__EXERCISE AIM__: Give again, word for word, each line of the data from the first through the one containing "Horse Riding: Explore". Pictures stay out.

DATA SHOWN below:

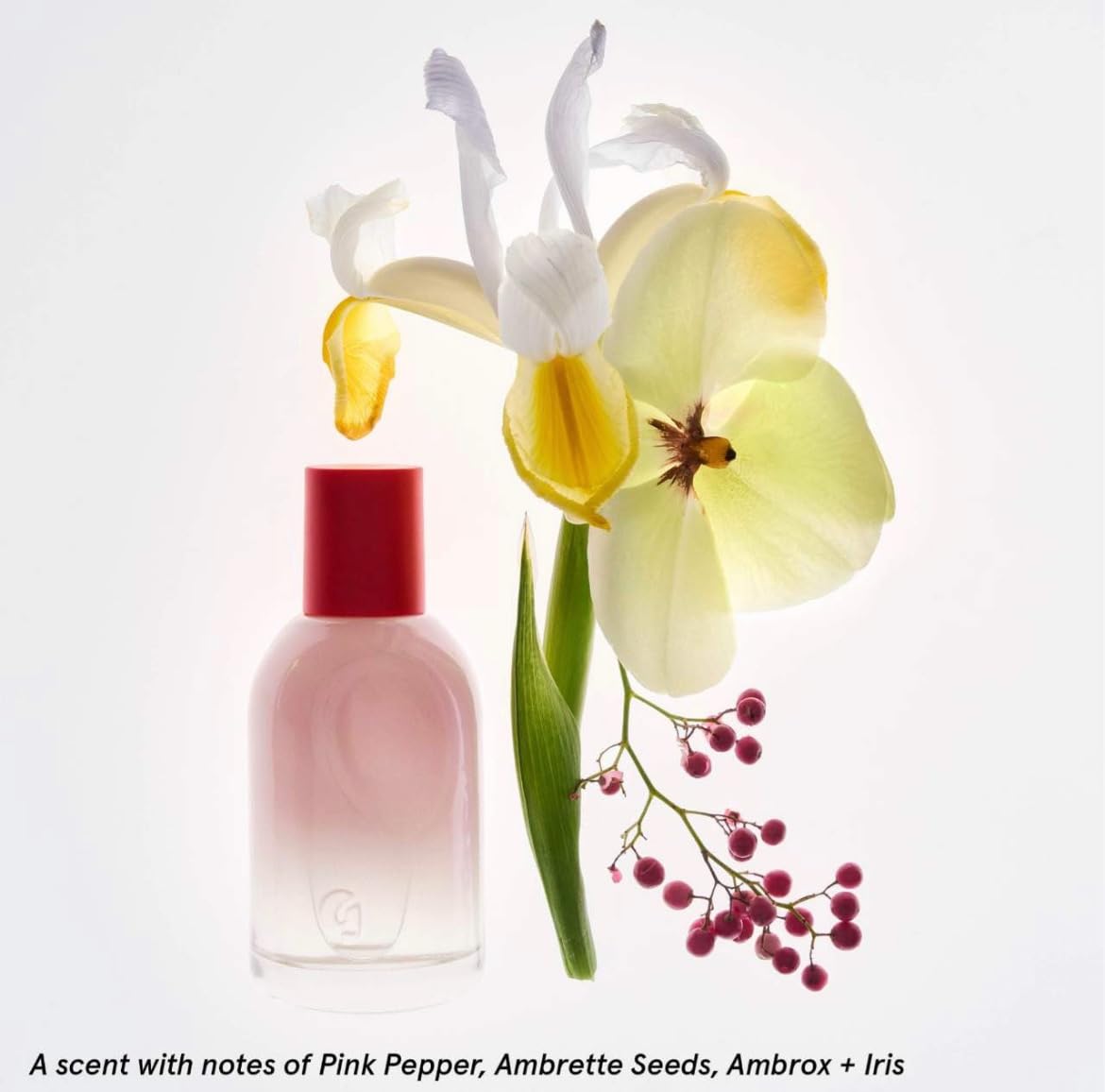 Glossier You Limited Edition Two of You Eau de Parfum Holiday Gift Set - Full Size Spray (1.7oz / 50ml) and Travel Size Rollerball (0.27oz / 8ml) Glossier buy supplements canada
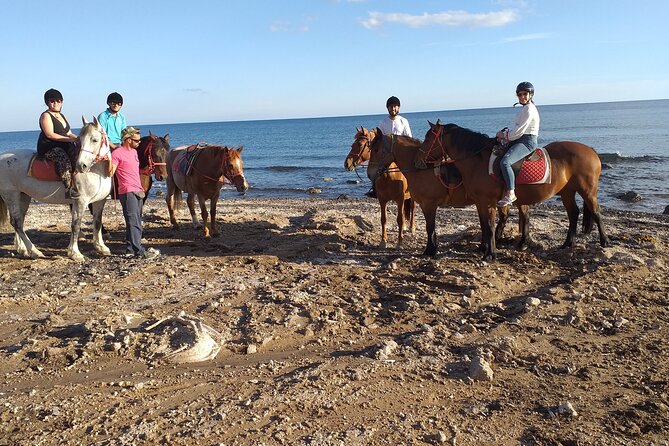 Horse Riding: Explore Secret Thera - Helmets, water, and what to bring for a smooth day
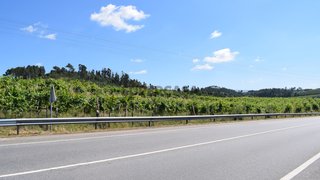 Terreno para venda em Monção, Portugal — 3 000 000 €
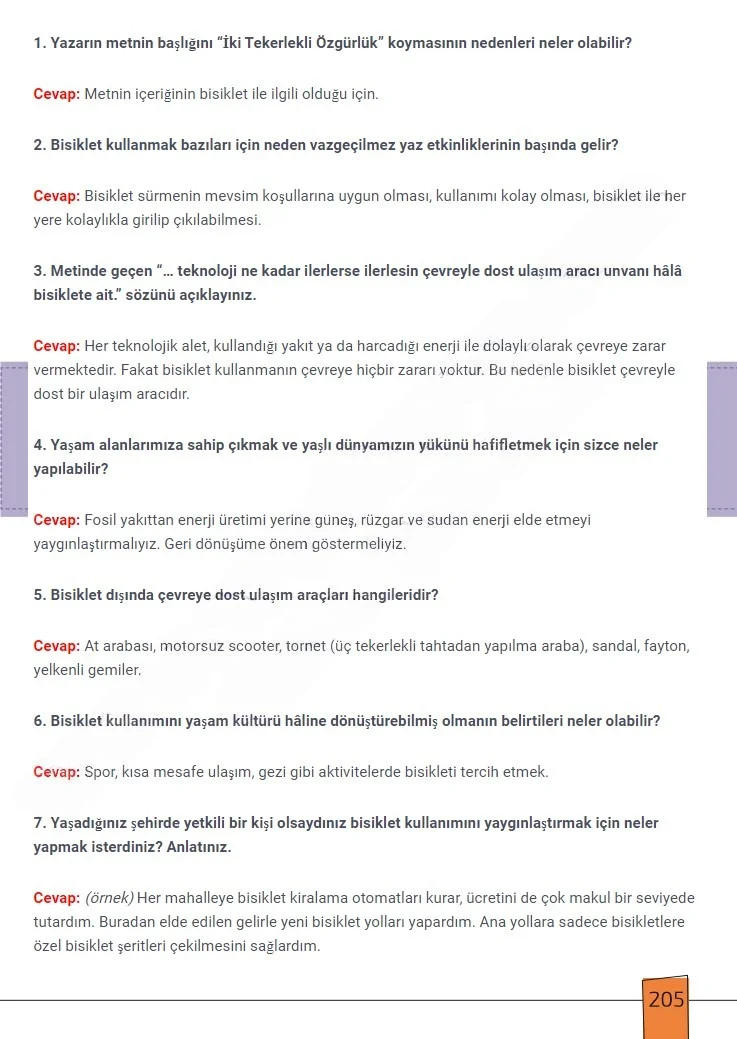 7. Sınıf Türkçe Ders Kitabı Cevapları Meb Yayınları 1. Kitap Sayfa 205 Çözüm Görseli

End of DATA SHOWN.

__ANSWER SECTION__:
 Glossier You Limited Edition Two of You Eau de Parfum Holiday Gift Set - Full Size Spray (1.7oz / 50ml) and Travel Size Rollerball (0.27oz / 8ml) Glossier buy supplements canada
 Horse Riding: Explore Secret Thera - Helmets, water, and what to bring for a smooth day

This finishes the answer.